• _ASSIGNED TASK_: All of the listing should be output exactly, apart from the pictures.

• _AVAILABLE DATA_:
[Start of section]

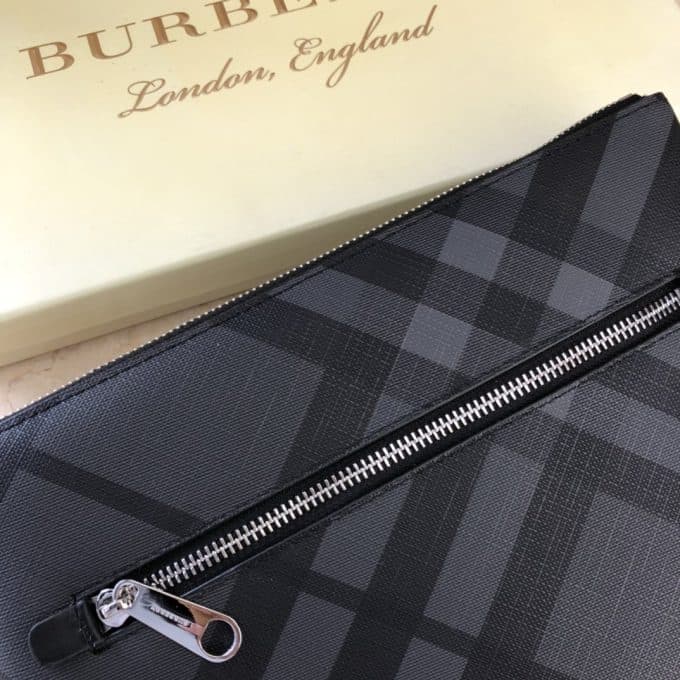 バーバリーバッグコピー 2021新品注目度NO.1 BURBERRY メンズ セカンドバッグ - 画像 (4)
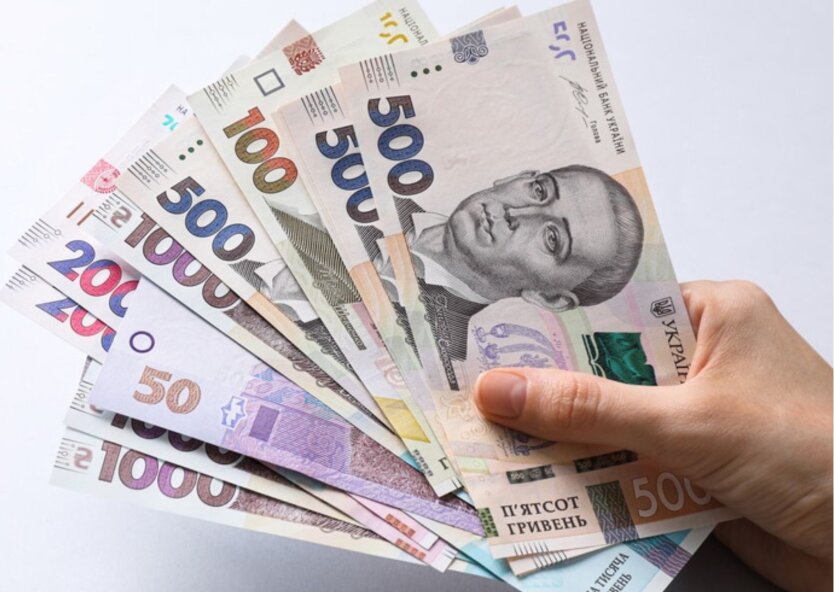 Уряд вводить зимову допомогу: 6500 гривень для малозабезпечених сімей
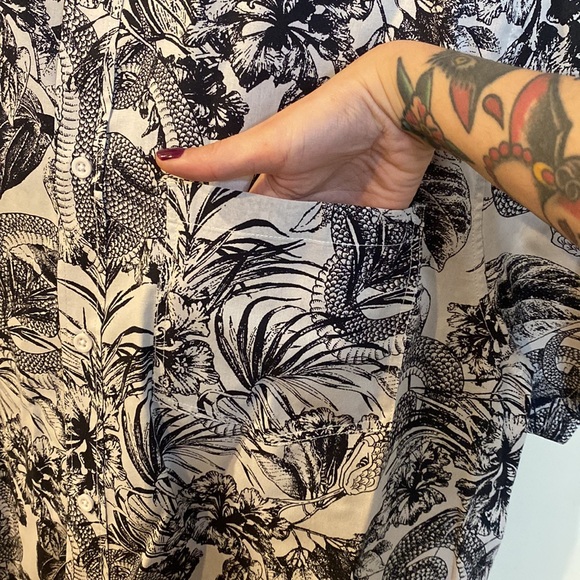 H&M Men’s snake and floral print collared shirt - Picture 5 of 6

[End of section]

• _SOLVED PROBLEM_:
 バーバリーバッグコピー 2021新品注目度NO.1 BURBERRY メンズ セカンドバッグ - 画像 (4)
 Уряд вводить зимову допомогу: 6500 гривень для малозабезпечених сімей
 H&M Men’s snake and floral print collared shirt - Picture 5 of 6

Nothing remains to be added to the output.